Data:

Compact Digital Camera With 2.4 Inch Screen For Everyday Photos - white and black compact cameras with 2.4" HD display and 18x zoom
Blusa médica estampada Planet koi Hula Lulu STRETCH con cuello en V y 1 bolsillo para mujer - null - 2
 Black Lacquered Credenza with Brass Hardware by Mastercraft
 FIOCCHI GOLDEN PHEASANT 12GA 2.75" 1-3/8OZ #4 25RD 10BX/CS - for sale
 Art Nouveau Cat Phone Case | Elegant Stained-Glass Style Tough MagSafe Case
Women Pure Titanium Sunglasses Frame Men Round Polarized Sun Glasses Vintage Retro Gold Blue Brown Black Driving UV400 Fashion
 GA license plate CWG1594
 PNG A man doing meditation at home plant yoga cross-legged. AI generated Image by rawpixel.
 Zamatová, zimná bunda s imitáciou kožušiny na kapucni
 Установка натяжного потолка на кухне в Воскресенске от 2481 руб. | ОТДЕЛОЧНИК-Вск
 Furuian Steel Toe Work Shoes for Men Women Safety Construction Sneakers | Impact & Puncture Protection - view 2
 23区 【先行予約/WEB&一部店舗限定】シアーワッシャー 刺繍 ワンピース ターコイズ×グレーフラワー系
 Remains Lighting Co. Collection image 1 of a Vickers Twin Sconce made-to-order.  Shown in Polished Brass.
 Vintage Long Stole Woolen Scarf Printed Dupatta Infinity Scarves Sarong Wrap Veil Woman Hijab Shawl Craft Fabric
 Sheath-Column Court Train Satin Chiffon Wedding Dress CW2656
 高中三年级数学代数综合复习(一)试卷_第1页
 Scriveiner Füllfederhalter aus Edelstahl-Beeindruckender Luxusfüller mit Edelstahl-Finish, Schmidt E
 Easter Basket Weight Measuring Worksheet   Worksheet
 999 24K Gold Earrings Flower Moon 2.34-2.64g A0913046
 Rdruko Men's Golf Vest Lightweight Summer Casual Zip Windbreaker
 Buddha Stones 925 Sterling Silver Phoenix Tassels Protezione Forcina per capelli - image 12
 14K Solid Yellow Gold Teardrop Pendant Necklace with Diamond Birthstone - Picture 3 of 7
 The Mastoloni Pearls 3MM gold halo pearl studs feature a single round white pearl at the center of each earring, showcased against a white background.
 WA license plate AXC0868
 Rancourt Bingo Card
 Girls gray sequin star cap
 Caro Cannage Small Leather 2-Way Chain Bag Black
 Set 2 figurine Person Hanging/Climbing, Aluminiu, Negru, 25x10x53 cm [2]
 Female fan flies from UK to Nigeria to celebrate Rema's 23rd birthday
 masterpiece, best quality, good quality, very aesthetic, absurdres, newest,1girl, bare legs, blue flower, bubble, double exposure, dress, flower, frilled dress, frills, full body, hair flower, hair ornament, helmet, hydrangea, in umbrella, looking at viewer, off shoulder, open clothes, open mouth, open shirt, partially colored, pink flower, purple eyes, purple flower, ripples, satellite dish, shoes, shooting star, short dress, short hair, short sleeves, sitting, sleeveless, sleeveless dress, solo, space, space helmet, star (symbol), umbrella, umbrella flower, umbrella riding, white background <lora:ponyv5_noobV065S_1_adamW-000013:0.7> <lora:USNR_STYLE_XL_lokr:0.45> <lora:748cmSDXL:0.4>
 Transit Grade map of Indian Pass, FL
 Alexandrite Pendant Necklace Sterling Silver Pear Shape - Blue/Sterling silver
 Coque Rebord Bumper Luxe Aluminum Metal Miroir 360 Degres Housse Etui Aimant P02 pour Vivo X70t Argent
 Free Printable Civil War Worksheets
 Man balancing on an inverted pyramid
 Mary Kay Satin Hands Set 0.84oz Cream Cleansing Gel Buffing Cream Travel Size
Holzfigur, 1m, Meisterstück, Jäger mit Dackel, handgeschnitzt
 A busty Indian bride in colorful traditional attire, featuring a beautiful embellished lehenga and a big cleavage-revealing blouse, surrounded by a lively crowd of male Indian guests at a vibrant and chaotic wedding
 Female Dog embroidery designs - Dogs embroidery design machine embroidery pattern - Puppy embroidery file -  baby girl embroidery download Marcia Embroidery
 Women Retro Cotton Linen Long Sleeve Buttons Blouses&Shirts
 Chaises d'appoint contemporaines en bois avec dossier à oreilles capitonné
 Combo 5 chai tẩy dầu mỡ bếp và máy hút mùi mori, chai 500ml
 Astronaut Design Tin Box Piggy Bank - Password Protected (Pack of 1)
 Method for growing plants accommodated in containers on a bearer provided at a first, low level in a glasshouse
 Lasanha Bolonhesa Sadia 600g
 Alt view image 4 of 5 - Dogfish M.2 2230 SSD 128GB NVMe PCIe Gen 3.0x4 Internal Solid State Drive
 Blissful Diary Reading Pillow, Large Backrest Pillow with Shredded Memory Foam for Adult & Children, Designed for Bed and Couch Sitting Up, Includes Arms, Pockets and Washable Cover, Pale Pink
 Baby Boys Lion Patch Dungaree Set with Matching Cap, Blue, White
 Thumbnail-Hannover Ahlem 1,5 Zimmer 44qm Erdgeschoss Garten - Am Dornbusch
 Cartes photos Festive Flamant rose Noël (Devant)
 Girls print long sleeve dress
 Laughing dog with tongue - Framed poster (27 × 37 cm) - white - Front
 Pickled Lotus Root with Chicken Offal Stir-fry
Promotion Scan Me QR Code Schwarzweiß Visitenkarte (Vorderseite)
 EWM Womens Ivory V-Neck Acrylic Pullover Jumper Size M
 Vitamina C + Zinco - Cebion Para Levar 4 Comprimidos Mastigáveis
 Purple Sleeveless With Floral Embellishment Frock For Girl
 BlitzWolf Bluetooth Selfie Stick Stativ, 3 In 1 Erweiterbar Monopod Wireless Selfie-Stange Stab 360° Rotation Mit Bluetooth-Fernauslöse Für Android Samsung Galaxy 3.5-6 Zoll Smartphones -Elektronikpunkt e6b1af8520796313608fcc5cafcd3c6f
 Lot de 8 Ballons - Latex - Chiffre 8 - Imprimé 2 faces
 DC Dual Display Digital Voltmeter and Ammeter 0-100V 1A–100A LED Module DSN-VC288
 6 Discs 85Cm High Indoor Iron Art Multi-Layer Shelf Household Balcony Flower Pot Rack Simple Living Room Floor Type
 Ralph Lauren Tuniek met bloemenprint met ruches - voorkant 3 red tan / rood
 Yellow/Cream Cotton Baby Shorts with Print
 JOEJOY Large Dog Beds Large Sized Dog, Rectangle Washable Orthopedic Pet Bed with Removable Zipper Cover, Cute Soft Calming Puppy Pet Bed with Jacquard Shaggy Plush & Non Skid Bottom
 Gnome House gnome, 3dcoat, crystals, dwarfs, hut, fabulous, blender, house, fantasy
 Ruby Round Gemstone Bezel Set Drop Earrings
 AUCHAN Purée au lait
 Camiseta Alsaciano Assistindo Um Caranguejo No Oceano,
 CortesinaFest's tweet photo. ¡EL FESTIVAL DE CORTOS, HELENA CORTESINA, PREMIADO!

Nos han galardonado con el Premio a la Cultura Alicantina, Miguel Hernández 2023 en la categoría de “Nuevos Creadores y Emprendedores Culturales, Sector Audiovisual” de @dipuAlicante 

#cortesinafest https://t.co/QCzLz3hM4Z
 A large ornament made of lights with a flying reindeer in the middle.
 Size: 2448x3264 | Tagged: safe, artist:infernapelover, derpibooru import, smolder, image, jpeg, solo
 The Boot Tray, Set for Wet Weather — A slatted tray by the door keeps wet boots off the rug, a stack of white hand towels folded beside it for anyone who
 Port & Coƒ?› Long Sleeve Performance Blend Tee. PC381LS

Exercise: All the data above should be set down a second time, exactly.

Result:
Compact Digital Camera With 2.4 Inch Screen For Everyday Photos - white and black compact cameras with 2.4" HD display and 18x zoom
Blusa médica estampada Planet koi Hula Lulu STRETCH con cuello en V y 1 bolsillo para mujer - null - 2
 Black Lacquered Credenza with Brass Hardware by Mastercraft
 FIOCCHI GOLDEN PHEASANT 12GA 2.75" 1-3/8OZ #4 25RD 10BX/CS - for sale
 Art Nouveau Cat Phone Case | Elegant Stained-Glass Style Tough MagSafe Case
Women Pure Titanium Sunglasses Frame Men Round Polarized Sun Glasses Vintage Retro Gold Blue Brown Black Driving UV400 Fashion
 GA license plate CWG1594
 PNG A man doing meditation at home plant yoga cross-legged. AI generated Image by rawpixel.
 Zamatová, zimná bunda s imitáciou kožušiny na kapucni
 Установка натяжного потолка на кухне в Воскресенске от 2481 руб. | ОТДЕЛОЧНИК-Вск
 Furuian Steel Toe Work Shoes for Men Women Safety Construction Sneakers | Impact & Puncture Protection - view 2
 23区 【先行予約/WEB&一部店舗限定】シアーワッシャー 刺繍 ワンピース ターコイズ×グレーフラワー系
 Remains Lighting Co. Collection image 1 of a Vickers Twin Sconce made-to-order.  Shown in Polished Brass.
 Vintage Long Stole Woolen Scarf Printed Dupatta Infinity Scarves Sarong Wrap Veil Woman Hijab Shawl Craft Fabric
 Sheath-Column Court Train Satin Chiffon Wedding Dress CW2656
 高中三年级数学代数综合复习(一)试卷_第1页
 Scriveiner Füllfederhalter aus Edelstahl-Beeindruckender Luxusfüller mit Edelstahl-Finish, Schmidt E
 Easter Basket Weight Measuring Worksheet   Worksheet
 999 24K Gold Earrings Flower Moon 2.34-2.64g A0913046
 Rdruko Men's Golf Vest Lightweight Summer Casual Zip Windbreaker
 Buddha Stones 925 Sterling Silver Phoenix Tassels Protezione Forcina per capelli - image 12
 14K Solid Yellow Gold Teardrop Pendant Necklace with Diamond Birthstone - Picture 3 of 7
 The Mastoloni Pearls 3MM gold halo pearl studs feature a single round white pearl at the center of each earring, showcased against a white background.
 WA license plate AXC0868
 Rancourt Bingo Card
 Girls gray sequin star cap
 Caro Cannage Small Leather 2-Way Chain Bag Black
 Set 2 figurine Person Hanging/Climbing, Aluminiu, Negru, 25x10x53 cm [2]
 Female fan flies from UK to Nigeria to celebrate Rema's 23rd birthday
 masterpiece, best quality, good quality, very aesthetic, absurdres, newest,1girl, bare legs, blue flower, bubble, double exposure, dress, flower, frilled dress, frills, full body, hair flower, hair ornament, helmet, hydrangea, in umbrella, looking at viewer, off shoulder, open clothes, open mouth, open shirt, partially colored, pink flower, purple eyes, purple flower, ripples, satellite dish, shoes, shooting star, short dress, short hair, short sleeves, sitting, sleeveless, sleeveless dress, solo, space, space helmet, star (symbol), umbrella, umbrella flower, umbrella riding, white background <lora:ponyv5_noobV065S_1_adamW-000013:0.7> <lora:USNR_STYLE_XL_lokr:0.45> <lora:748cmSDXL:0.4>
 Transit Grade map of Indian Pass, FL
 Alexandrite Pendant Necklace Sterling Silver Pear Shape - Blue/Sterling silver
 Coque Rebord Bumper Luxe Aluminum Metal Miroir 360 Degres Housse Etui Aimant P02 pour Vivo X70t Argent
 Free Printable Civil War Worksheets
 Man balancing on an inverted pyramid
 Mary Kay Satin Hands Set 0.84oz Cream Cleansing Gel Buffing Cream Travel Size
Holzfigur, 1m, Meisterstück, Jäger mit Dackel, handgeschnitzt
 A busty Indian bride in colorful traditional attire, featuring a beautiful embellished lehenga and a big cleavage-revealing blouse, surrounded by a lively crowd of male Indian guests at a vibrant and chaotic wedding
 Female Dog embroidery designs - Dogs embroidery design machine embroidery pattern - Puppy embroidery file -  baby girl embroidery download Marcia Embroidery
 Women Retro Cotton Linen Long Sleeve Buttons Blouses&Shirts
 Chaises d'appoint contemporaines en bois avec dossier à oreilles capitonné
 Combo 5 chai tẩy dầu mỡ bếp và máy hút mùi mori, chai 500ml
 Astronaut Design Tin Box Piggy Bank - Password Protected (Pack of 1)
 Method for growing plants accommodated in containers on a bearer provided at a first, low level in a glasshouse
 Lasanha Bolonhesa Sadia 600g
 Alt view image 4 of 5 - Dogfish M.2 2230 SSD 128GB NVMe PCIe Gen 3.0x4 Internal Solid State Drive
 Blissful Diary Reading Pillow, Large Backrest Pillow with Shredded Memory Foam for Adult & Children, Designed for Bed and Couch Sitting Up, Includes Arms, Pockets and Washable Cover, Pale Pink
 Baby Boys Lion Patch Dungaree Set with Matching Cap, Blue, White
 Thumbnail-Hannover Ahlem 1,5 Zimmer 44qm Erdgeschoss Garten - Am Dornbusch
 Cartes photos Festive Flamant rose Noël (Devant)
 Girls print long sleeve dress
 Laughing dog with tongue - Framed poster (27 × 37 cm) - white - Front
 Pickled Lotus Root with Chicken Offal Stir-fry
Promotion Scan Me QR Code Schwarzweiß Visitenkarte (Vorderseite)
 EWM Womens Ivory V-Neck Acrylic Pullover Jumper Size M
 Vitamina C + Zinco - Cebion Para Levar 4 Comprimidos Mastigáveis
 Purple Sleeveless With Floral Embellishment Frock For Girl
 BlitzWolf Bluetooth Selfie Stick Stativ, 3 In 1 Erweiterbar Monopod Wireless Selfie-Stange Stab 360° Rotation Mit Bluetooth-Fernauslöse Für Android Samsung Galaxy 3.5-6 Zoll Smartphones -Elektronikpunkt e6b1af8520796313608fcc5cafcd3c6f
 Lot de 8 Ballons - Latex - Chiffre 8 - Imprimé 2 faces
 DC Dual Display Digital Voltmeter and Ammeter 0-100V 1A–100A LED Module DSN-VC288
 6 Discs 85Cm High Indoor Iron Art Multi-Layer Shelf Household Balcony Flower Pot Rack Simple Living Room Floor Type
 Ralph Lauren Tuniek met bloemenprint met ruches - voorkant 3 red tan / rood
 Yellow/Cream Cotton Baby Shorts with Print
 JOEJOY Large Dog Beds Large Sized Dog, Rectangle Washable Orthopedic Pet Bed with Removable Zipper Cover, Cute Soft Calming Puppy Pet Bed with Jacquard Shaggy Plush & Non Skid Bottom
 Gnome House gnome, 3dcoat, crystals, dwarfs, hut, fabulous, blender, house, fantasy
 Ruby Round Gemstone Bezel Set Drop Earrings
 AUCHAN Purée au lait
 Camiseta Alsaciano Assistindo Um Caranguejo No Oceano,
 CortesinaFest's tweet photo. ¡EL FESTIVAL DE CORTOS, HELENA CORTESINA, PREMIADO!

Nos han galardonado con el Premio a la Cultura Alicantina, Miguel Hernández 2023 en la categoría de “Nuevos Creadores y Emprendedores Culturales, Sector Audiovisual” de @dipuAlicante 

#cortesinafest https://t.co/QCzLz3hM4Z
 A large ornament made of lights with a flying reindeer in the middle.
 Size: 2448x3264 | Tagged: safe, artist:infernapelover, derpibooru import, smolder, image, jpeg, solo
 The Boot Tray, Set for Wet Weather — A slatted tray by the door keeps wet boots off the rug, a stack of white hand towels folded beside it for anyone who
 Port & Coƒ?› Long Sleeve Performance Blend Tee. PC381LS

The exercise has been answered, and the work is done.